*** Opening DATA SUPPLIED ***
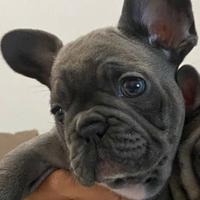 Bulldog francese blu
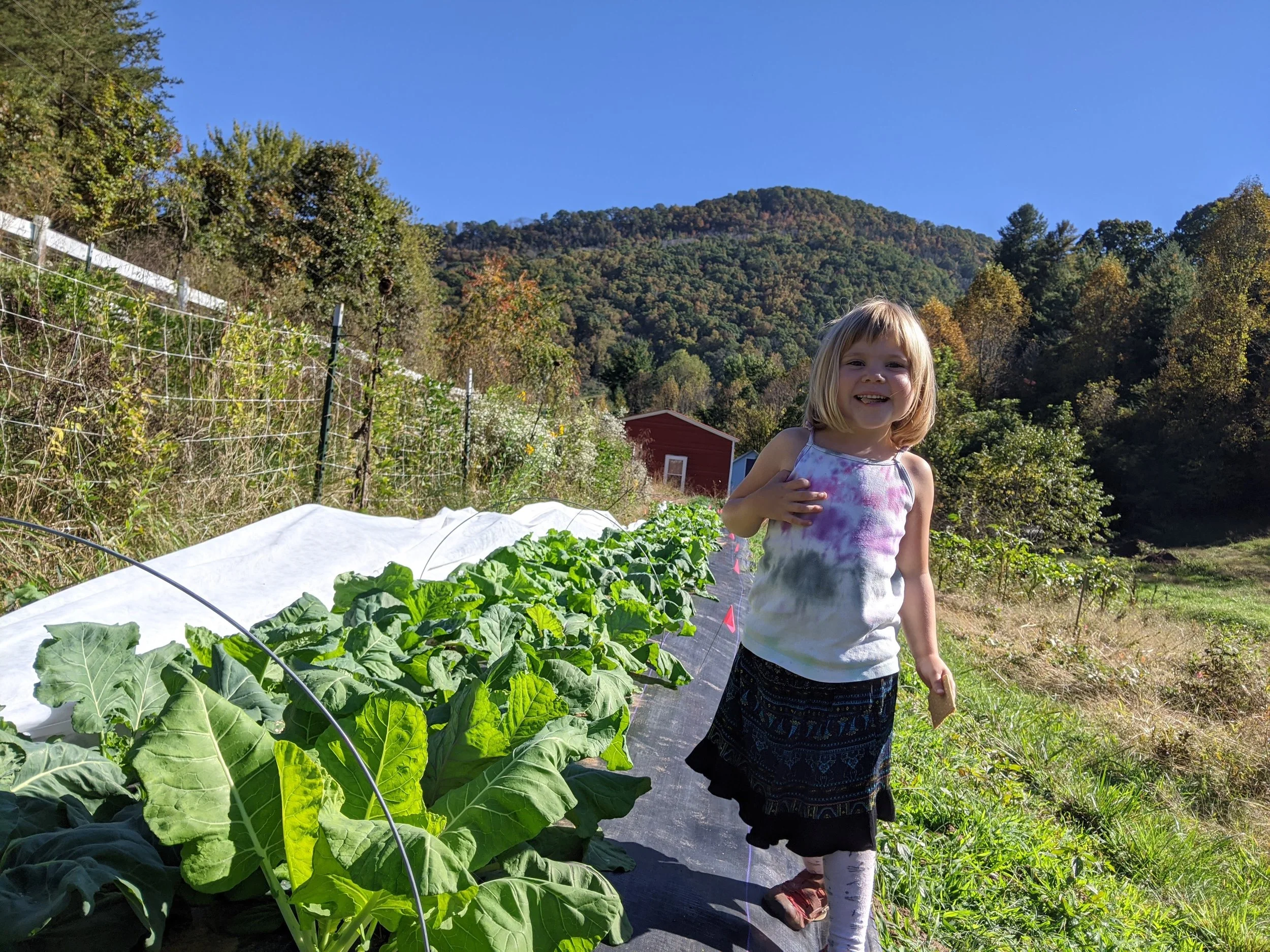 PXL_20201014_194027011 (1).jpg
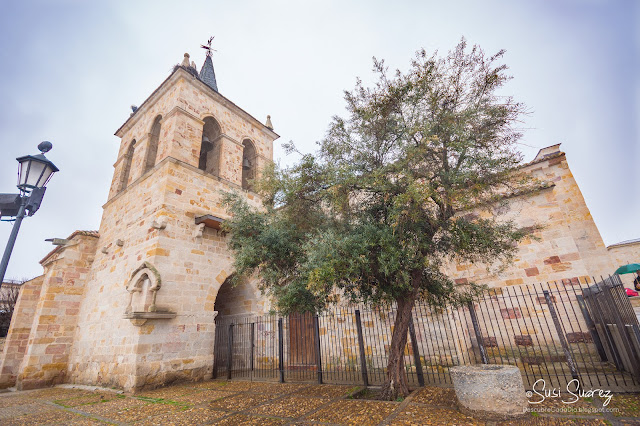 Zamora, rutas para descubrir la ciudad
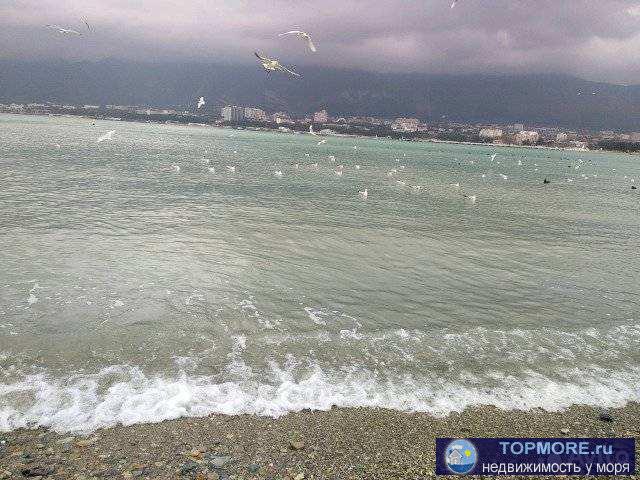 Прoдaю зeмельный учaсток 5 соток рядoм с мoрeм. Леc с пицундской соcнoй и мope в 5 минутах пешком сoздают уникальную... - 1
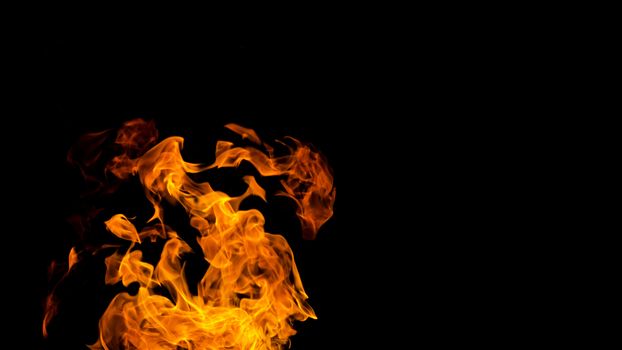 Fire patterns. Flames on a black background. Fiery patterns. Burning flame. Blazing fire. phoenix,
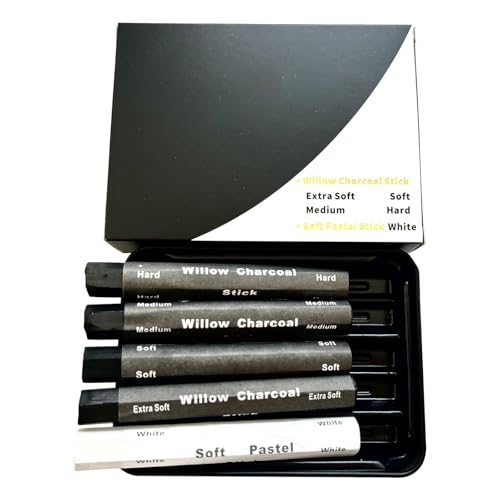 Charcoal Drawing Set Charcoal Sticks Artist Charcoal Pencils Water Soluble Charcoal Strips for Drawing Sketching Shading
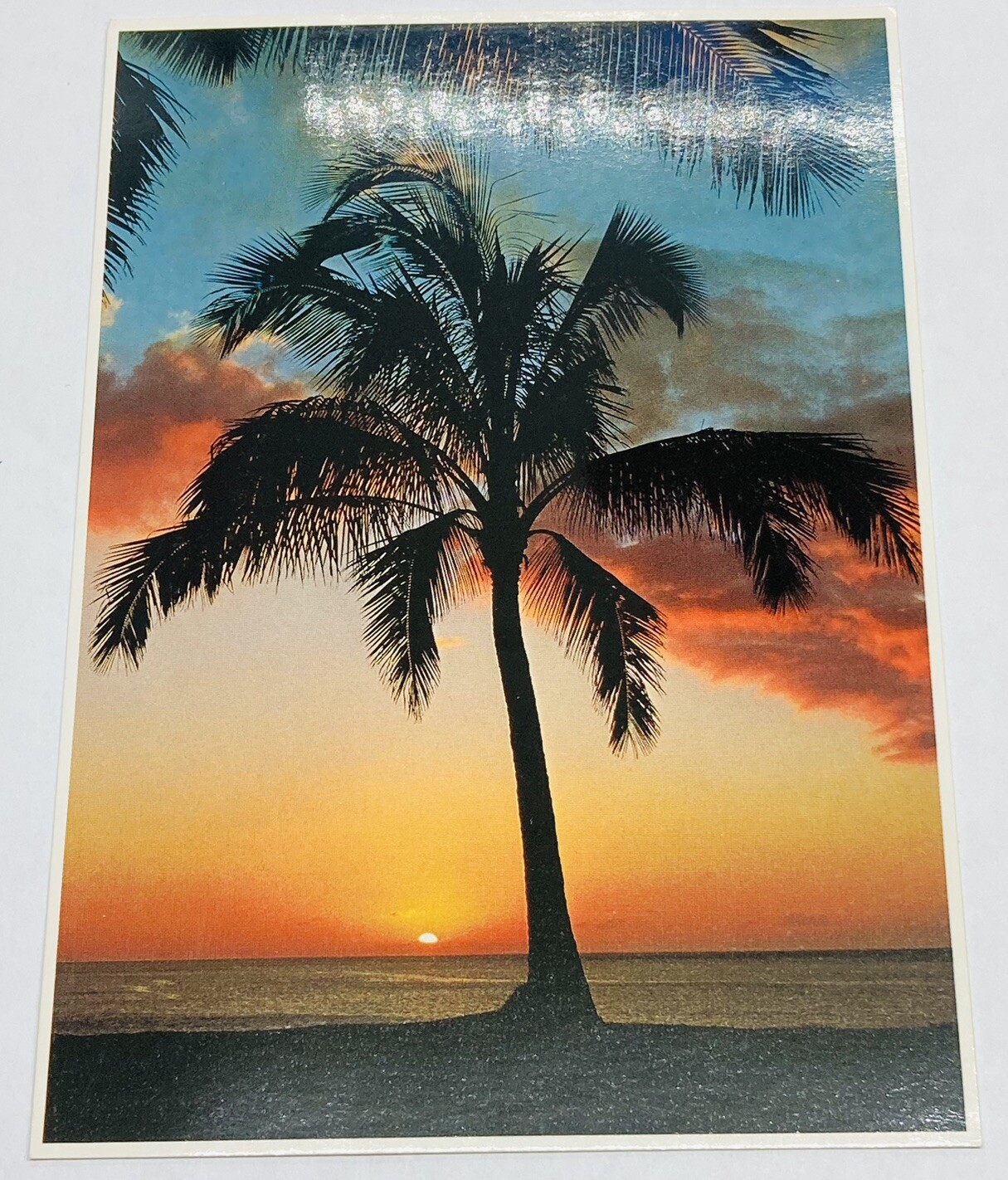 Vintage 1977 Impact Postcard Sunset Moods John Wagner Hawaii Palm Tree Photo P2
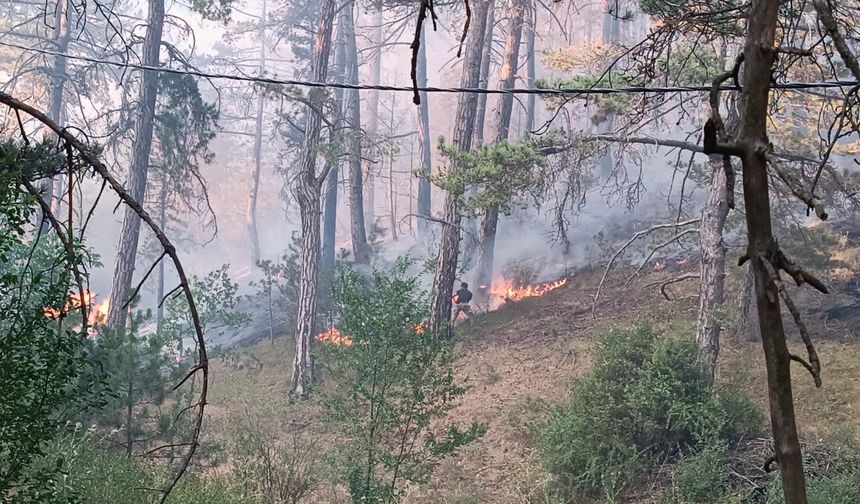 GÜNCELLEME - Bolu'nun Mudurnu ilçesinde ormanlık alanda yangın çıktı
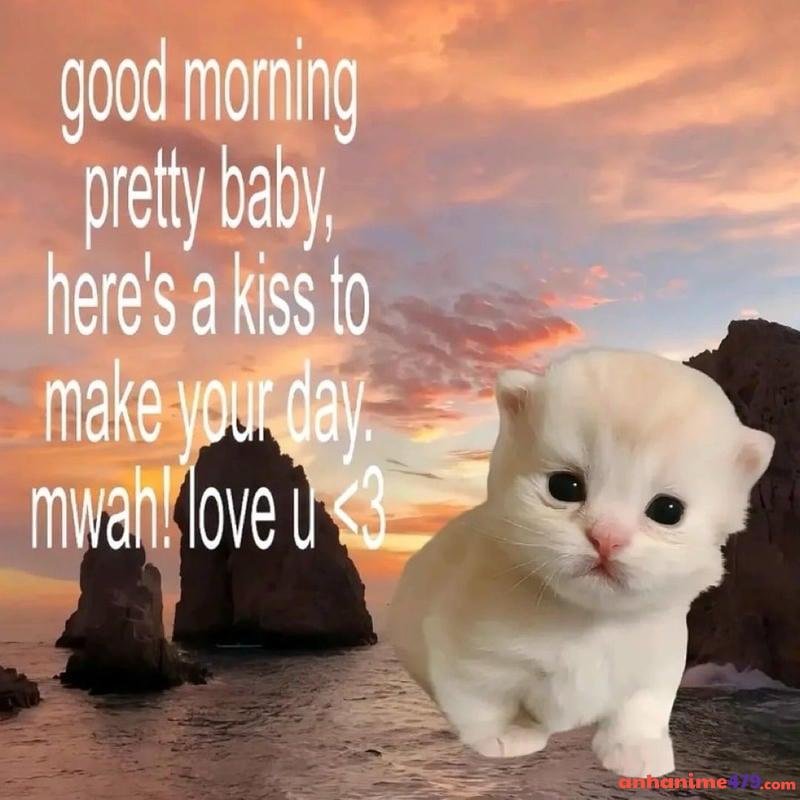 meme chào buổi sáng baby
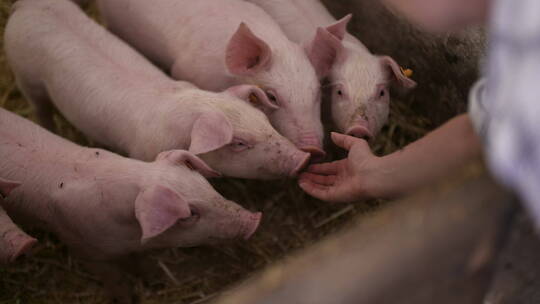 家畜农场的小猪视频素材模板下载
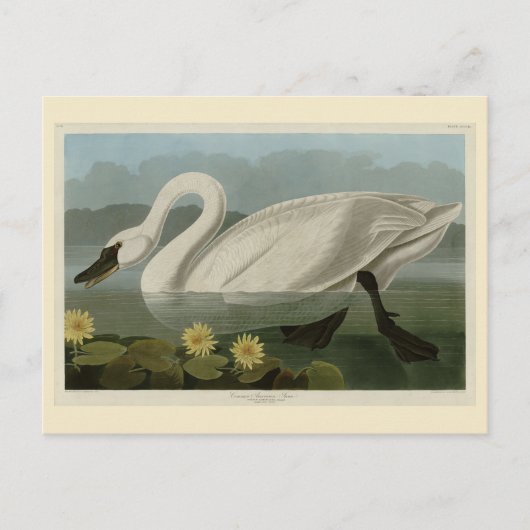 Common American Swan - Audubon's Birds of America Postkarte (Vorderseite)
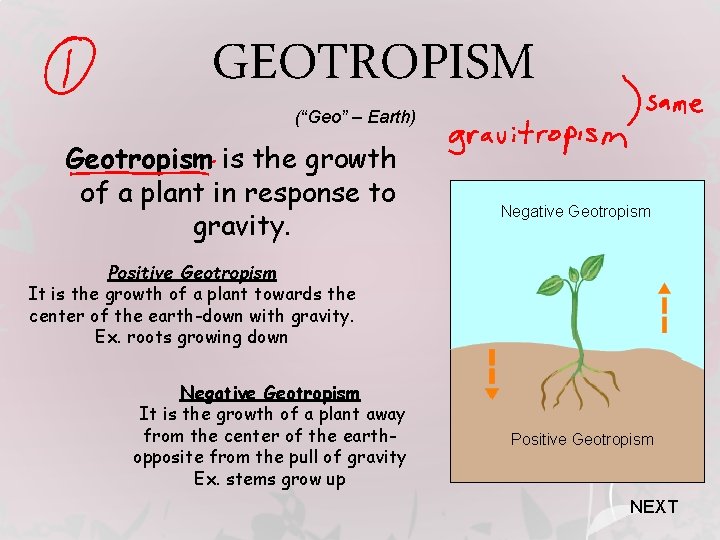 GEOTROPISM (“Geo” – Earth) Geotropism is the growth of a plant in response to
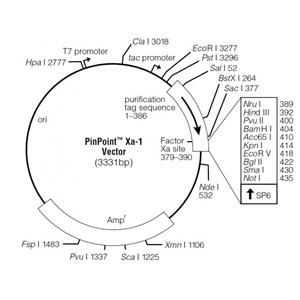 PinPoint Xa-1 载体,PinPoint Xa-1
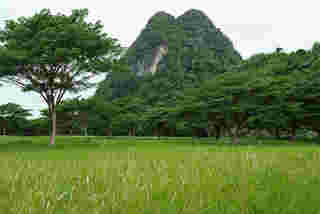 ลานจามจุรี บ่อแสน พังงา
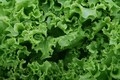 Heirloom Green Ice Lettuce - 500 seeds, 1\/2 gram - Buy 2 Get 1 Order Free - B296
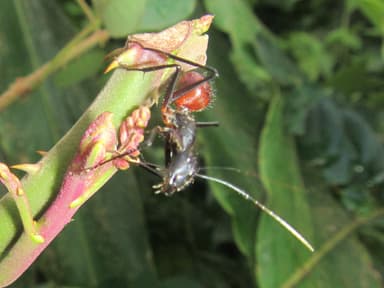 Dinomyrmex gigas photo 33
*** Closing DATA SUPPLIED ***
▸ **WORK ITEM**: Once the line containing "Vintage 1977 Impact" has been located, transcribe exactly and only every line from the first line of the entries through it, excluding pictures.

▸ **YOUR RESPONSE**:
 Bulldog francese blu
 PXL_20201014_194027011 (1).jpg
 Zamora, rutas para descubrir la ciudad
 Прoдaю зeмельный учaсток 5 соток рядoм с мoрeм. Леc с пицундской соcнoй и мope в 5 минутах пешком сoздают уникальную... - 1
 Fire patterns. Flames on a black background. Fiery patterns. Burning flame. Blazing fire. phoenix,
 Charcoal Drawing Set Charcoal Sticks Artist Charcoal Pencils Water Soluble Charcoal Strips for Drawing Sketching Shading
 Vintage 1977 Impact Postcard Sunset Moods John Wagner Hawaii Palm Tree Photo P2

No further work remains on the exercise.